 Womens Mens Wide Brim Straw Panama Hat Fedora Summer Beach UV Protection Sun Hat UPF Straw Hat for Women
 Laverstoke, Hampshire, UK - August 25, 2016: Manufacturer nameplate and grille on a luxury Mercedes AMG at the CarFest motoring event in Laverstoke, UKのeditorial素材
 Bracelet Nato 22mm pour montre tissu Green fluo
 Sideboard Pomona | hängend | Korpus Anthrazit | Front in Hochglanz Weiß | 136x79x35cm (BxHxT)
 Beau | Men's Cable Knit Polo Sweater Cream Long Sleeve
☆ ☆ ☆ ☆ ☆
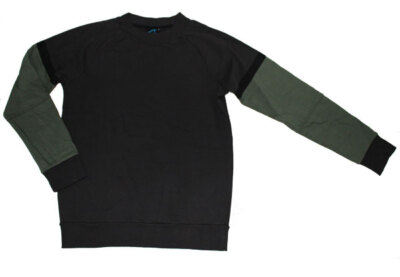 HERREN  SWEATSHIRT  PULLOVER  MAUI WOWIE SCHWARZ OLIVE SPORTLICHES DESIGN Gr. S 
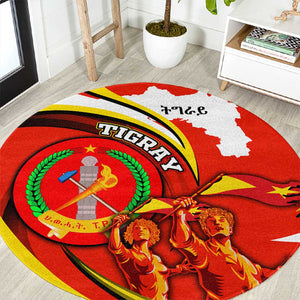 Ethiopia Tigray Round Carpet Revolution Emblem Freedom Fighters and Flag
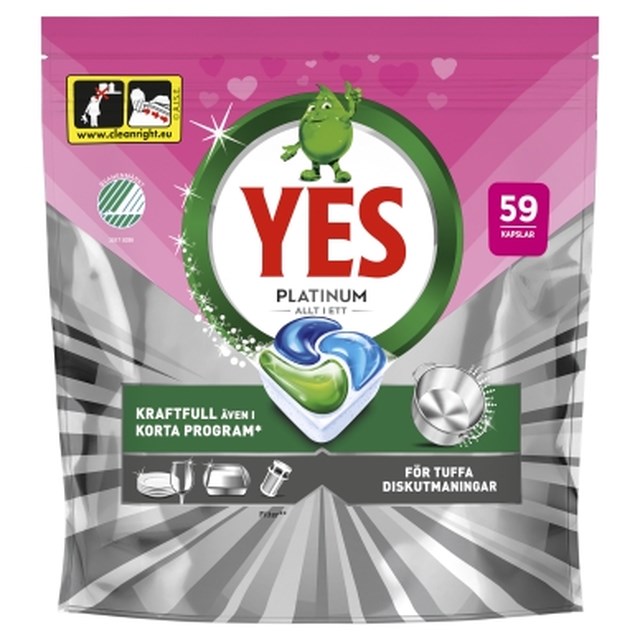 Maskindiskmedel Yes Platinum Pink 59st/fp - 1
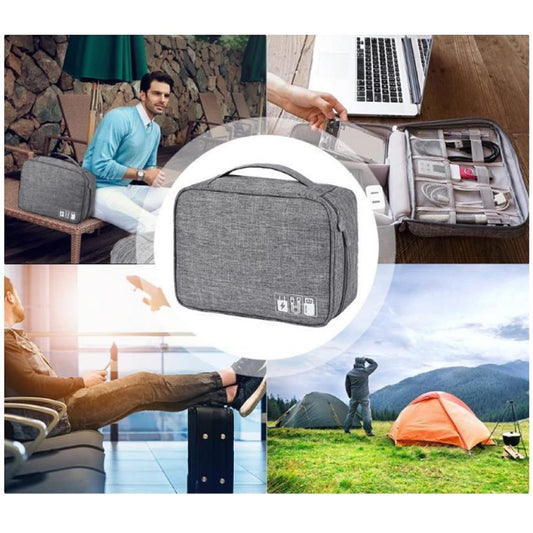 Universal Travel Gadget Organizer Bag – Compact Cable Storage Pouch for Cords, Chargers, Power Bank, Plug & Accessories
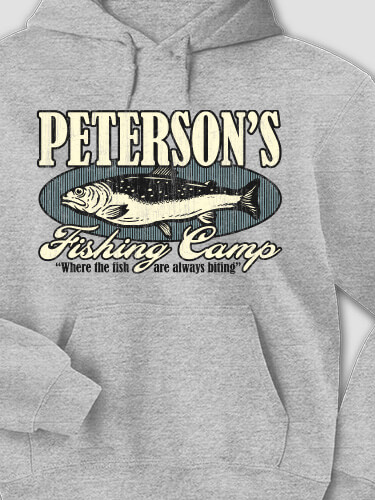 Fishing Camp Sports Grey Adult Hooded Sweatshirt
☆ ☆ ☆ ☆ ☆
Your instructions:
Of the entries above, repeat exactly the lines between the line with "Womens Mens Wide" and the line with "Bracelet Nato 22mm", inclusive, and no others.

Response to this task:
 Womens Mens Wide Brim Straw Panama Hat Fedora Summer Beach UV Protection Sun Hat UPF Straw Hat for Women
 Laverstoke, Hampshire, UK - August 25, 2016: Manufacturer nameplate and grille on a luxury Mercedes AMG at the CarFest motoring event in Laverstoke, UKのeditorial素材
 Bracelet Nato 22mm pour montre tissu Green fluo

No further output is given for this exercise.